WHAT IS BEING ASKED: Output exactly, and only, the lines below from the one with "قلوبكم بالبهجة 🌙" down to the one with "Edgar Berebi 8293/9". Include both end lines and no pictures.

RECORDS FOR THIS EXERCISE:
--- START ---

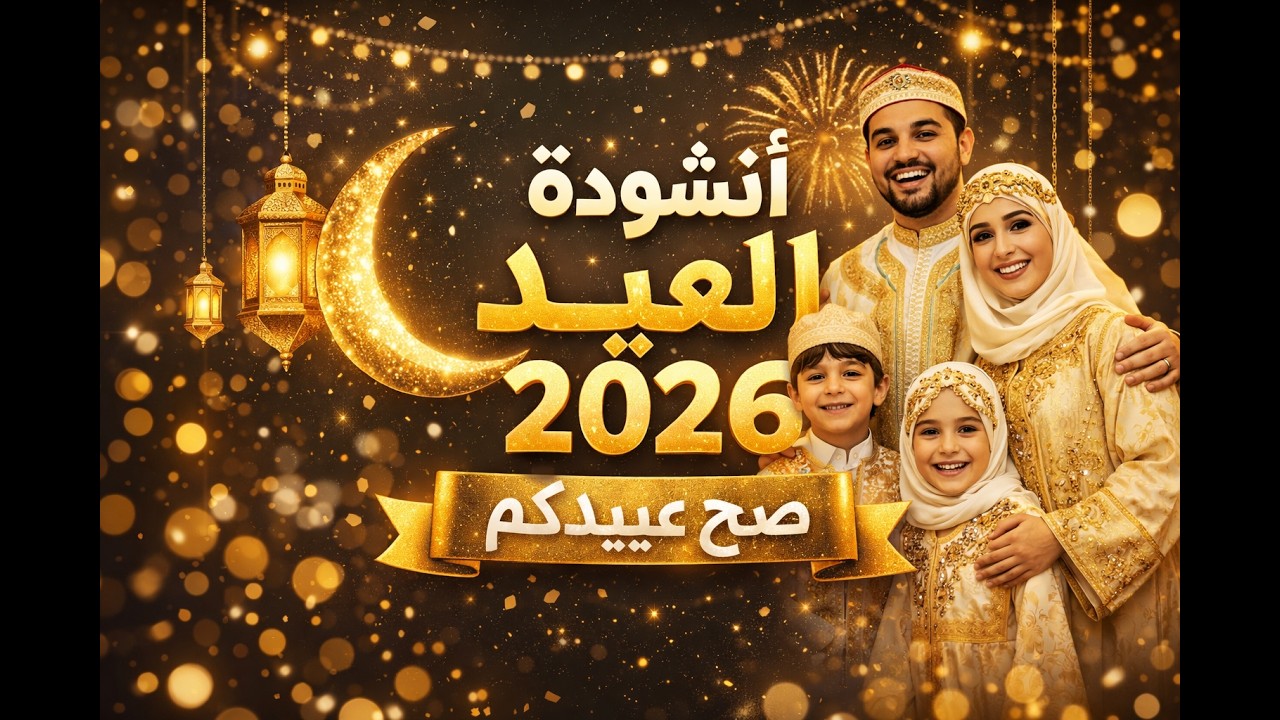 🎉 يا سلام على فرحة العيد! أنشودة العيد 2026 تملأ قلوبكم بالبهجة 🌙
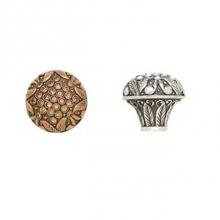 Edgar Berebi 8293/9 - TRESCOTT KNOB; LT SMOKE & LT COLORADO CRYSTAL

--- END ---
--- START ---

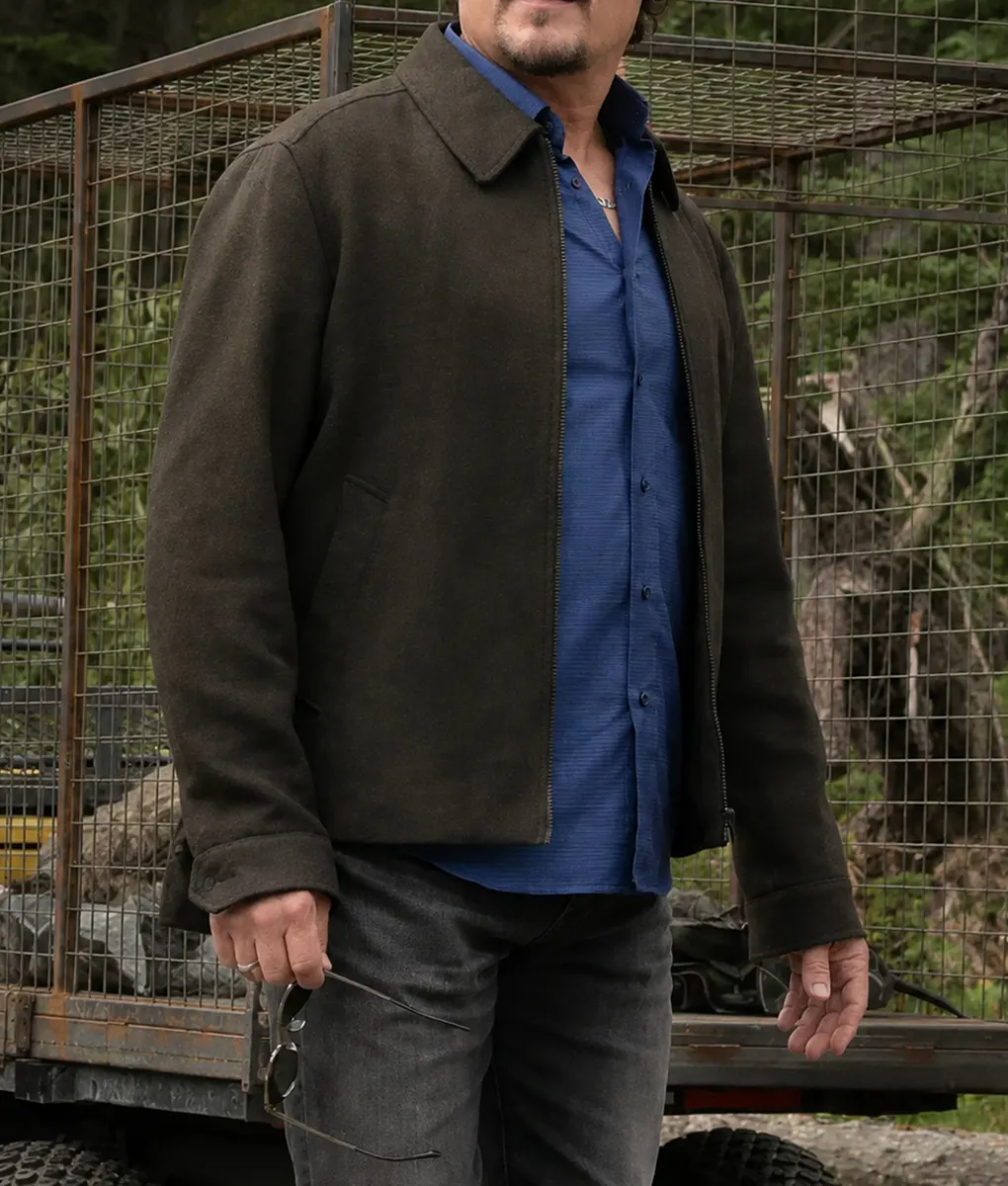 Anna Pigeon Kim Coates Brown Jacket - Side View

--- END ---

EXPECTED OUTPUT:
 🎉 يا سلام على فرحة العيد! أنشودة العيد 2026 تملأ قلوبكم بالبهجة 🌙
 Edgar Berebi 8293/9 - TRESCOTT KNOB; LT SMOKE & LT COLORADO CRYSTAL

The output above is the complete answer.